#### DIRECTIONS FOR THIS TASK:
Would you print the lines below exactly, beginning at the line that has "Hello, thank you" and stopping after the line that has "Today I'm going"? Only those lines, and no pictures.

#### THE RECORDS:
++++++++++++++++++++

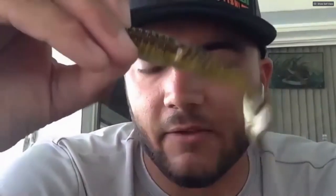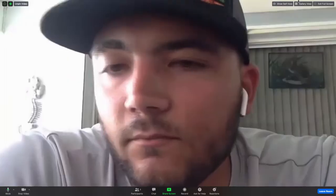Another use for the five-inch is putting it on the bigger sizes of the goat head — three-eighths to a half to three-quarter ounce, with four-aught and five-aught hooks — and throwing it like a big swim bait, like a hollow belly, out on the ledges of the Tennessee River. It's going to be awesome.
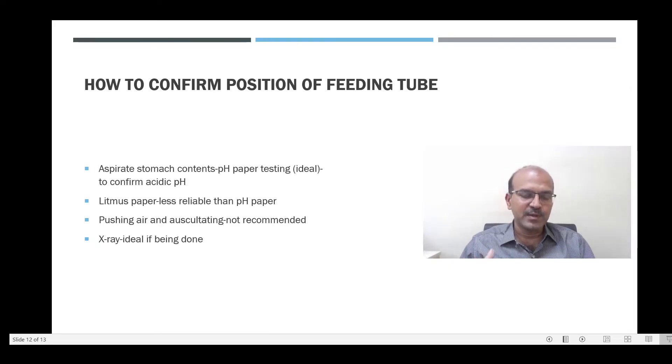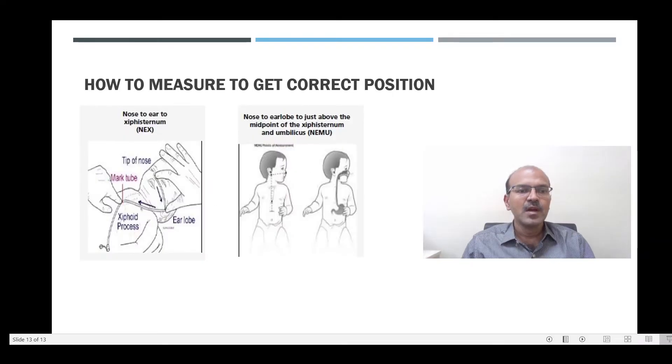Babies do not grow that quickly, so for a week or so the same position is fine. We have two main measurements: nose to ear to the xiphisternum — that is, from the nose to the earlobe and then to the xiphisternum. These measurements are usually a little short and you may need to add 1 or 2 cm.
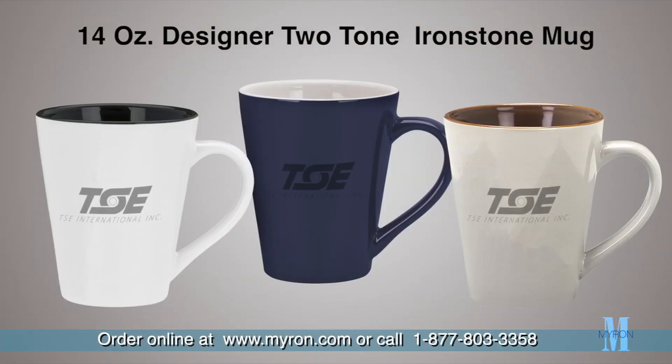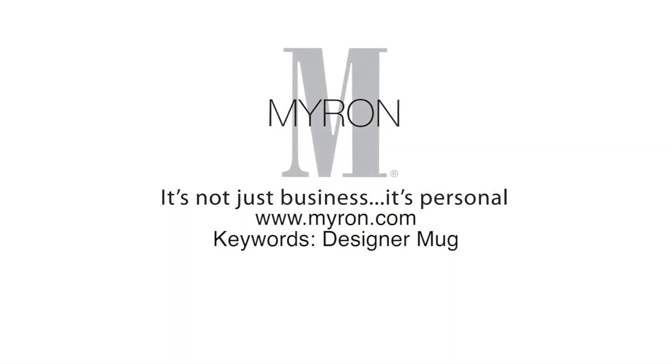Just choose a color and add your company name or logo to boldly accent your brand message. For more information, go to Myron.com.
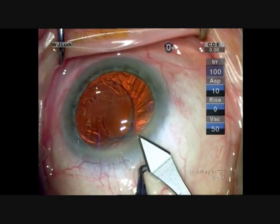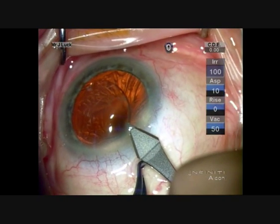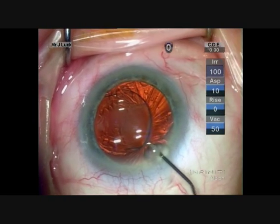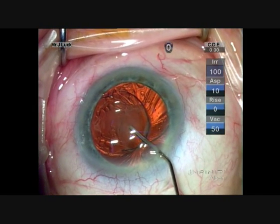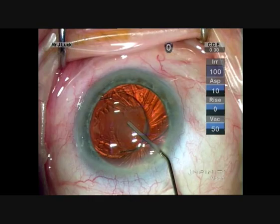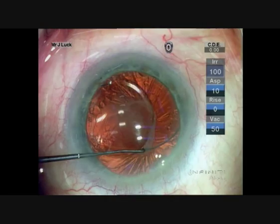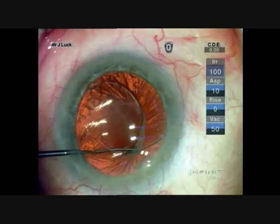We're going to make a relatively small keratome incision into the cornea, fill the anterior chamber with viscoelastic, and then very simply dial the intraocular lens out of its position and into the ciliary sulcus.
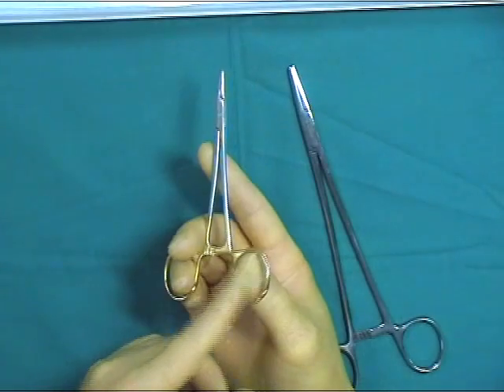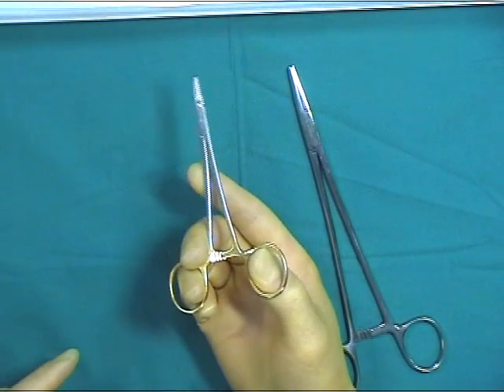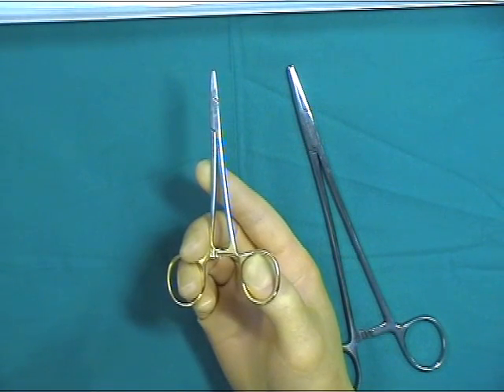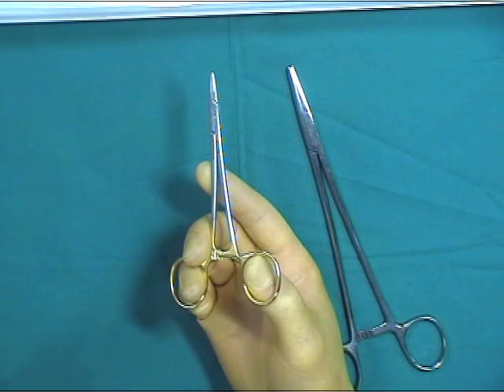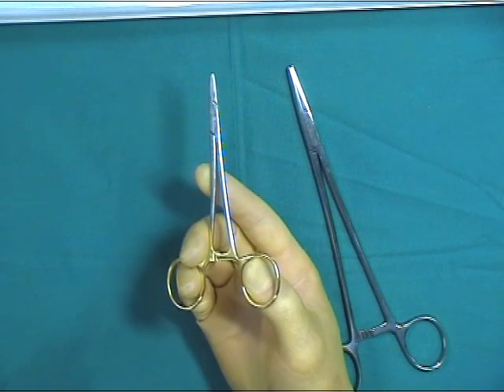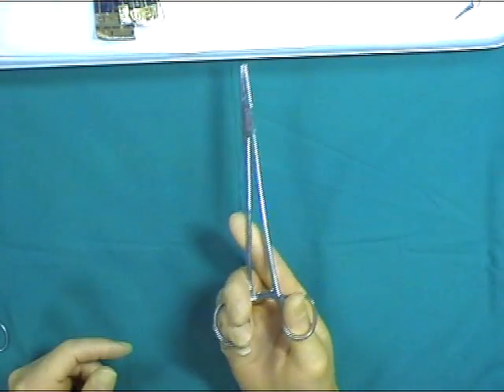The needle holder is held in a similar tripod fashion, using the thumb, index and ring finger. The ratchet mechanism generally requires just one click to securely hold the needle, without causing damage or bending to the needle with too much force.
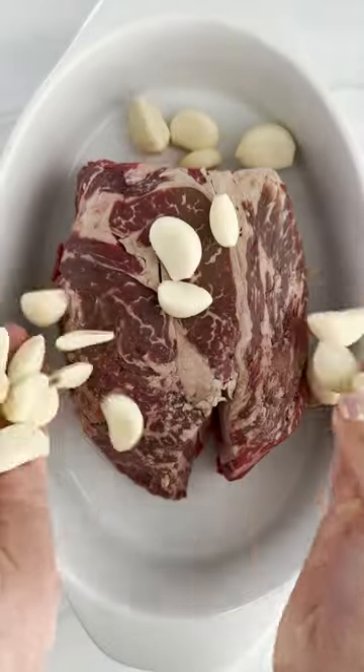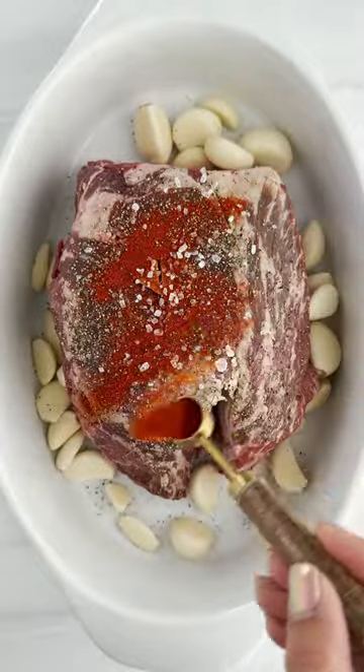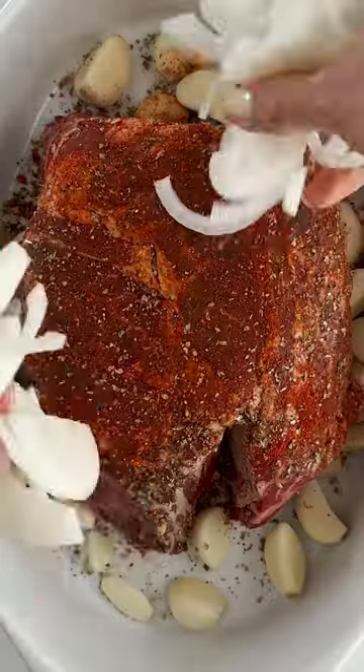This oven baked pot roast is cooked low and slow with 20 cloves of garlic. Yep, you heard that right. This garlicky pot roast is next level delicious and easy.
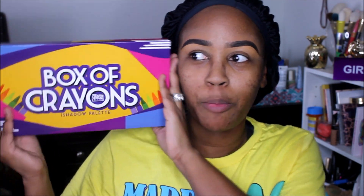Hello, thank you guys so much for tuning into a brand new video and welcome to Makeup Monday. Today I am super excited for this video because I have had this makeup since November and it is time to use it and test it out. I have the Box of Crayons eyeshadow palette.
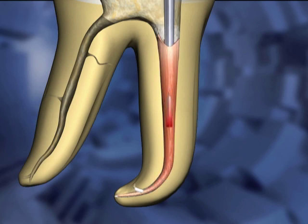Apical pressure continues to be applied to the carrier as the heat is again turned off. In this animated example, the carrier reaches within five millimeters of the apex during this five-second long cooling and compression phase.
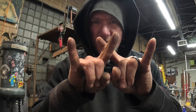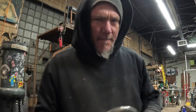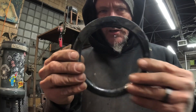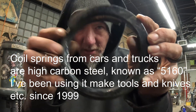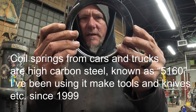Today I'm going to take this piece of coil spring and forge a couple knives out of it. I know y'all want to see knives so that's what we're gonna do. I'm gonna light up this forge, chop it into two pieces, and then get to work.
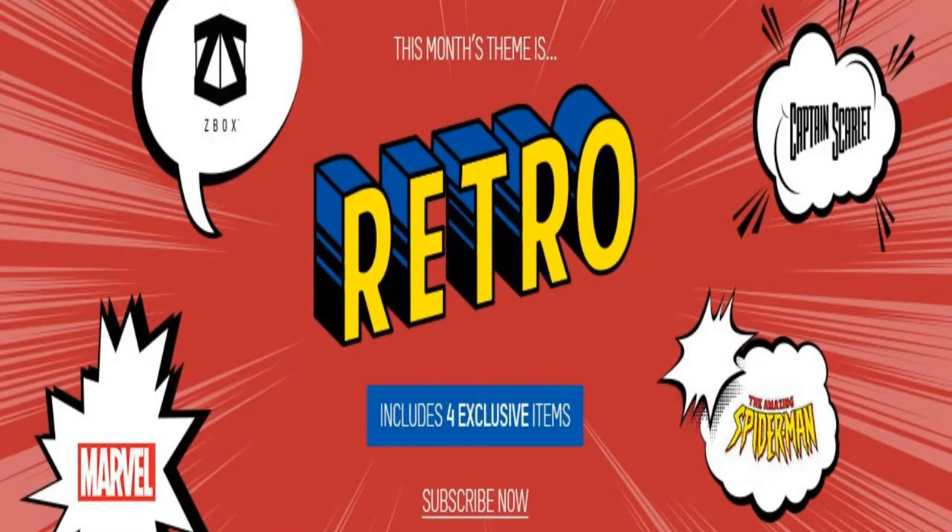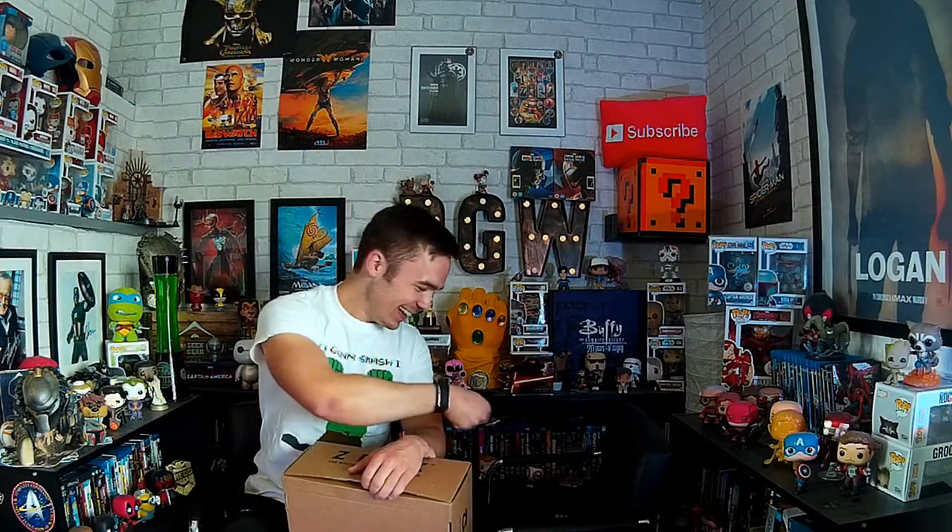Let's do this unboxing! The first ZBox has turned up and it is themed retro. The previous one was team-up, so if you want to see that unboxing it'll be linked here or in the description. You know from my pickup videos I bought myself a Batman batarang key ring - so I can start unboxing my videos with it. Are you ready? First time I'm getting to use it. Three, two, one - oh my man, first try! That's made me happy.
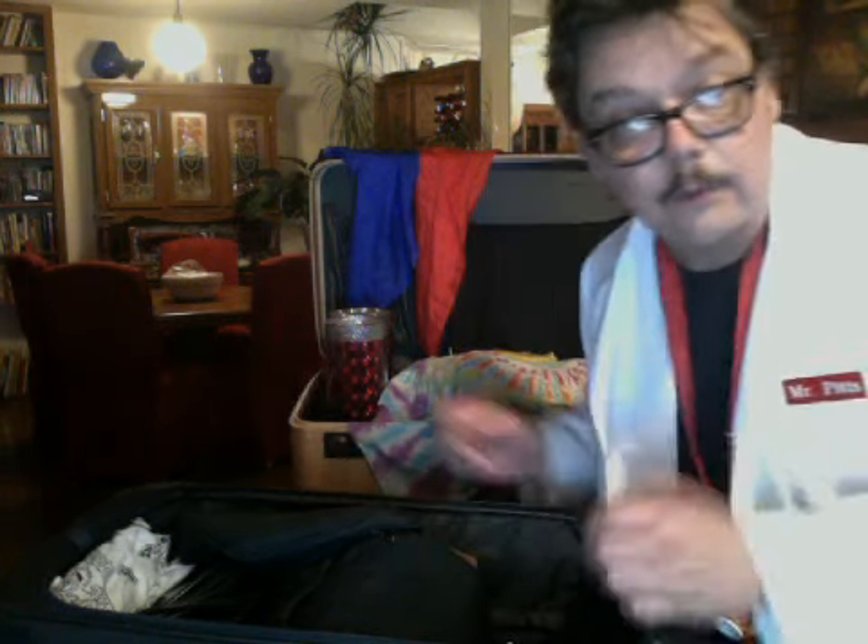I'm a ventriloquist, a magician, and a comedian. I just got back from a show at YMCA Family Night, and I wanted to take this opportunity to show you how I pack my show — what's in my magic case.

++++++++++++++++++++

#### RESPONSE TO THE EXERCISE:
Hello, thank you guys so much for tuning into a brand new video and welcome to Makeup Monday. Today I am super excited for this video because I have had this makeup since November and it is time to use it and test it out. I have the Box of Crayons eyeshadow palette.
Apical pressure continues to be applied to the carrier as the heat is again turned off. In this animated example, the carrier reaches within five millimeters of the apex during this five-second long cooling and compression phase.
Today I'm going to take this piece of coil spring and forge a couple knives out of it. I know y'all want to see knives so that's what we're gonna do. I'm gonna light up this forge, chop it into two pieces, and then get to work.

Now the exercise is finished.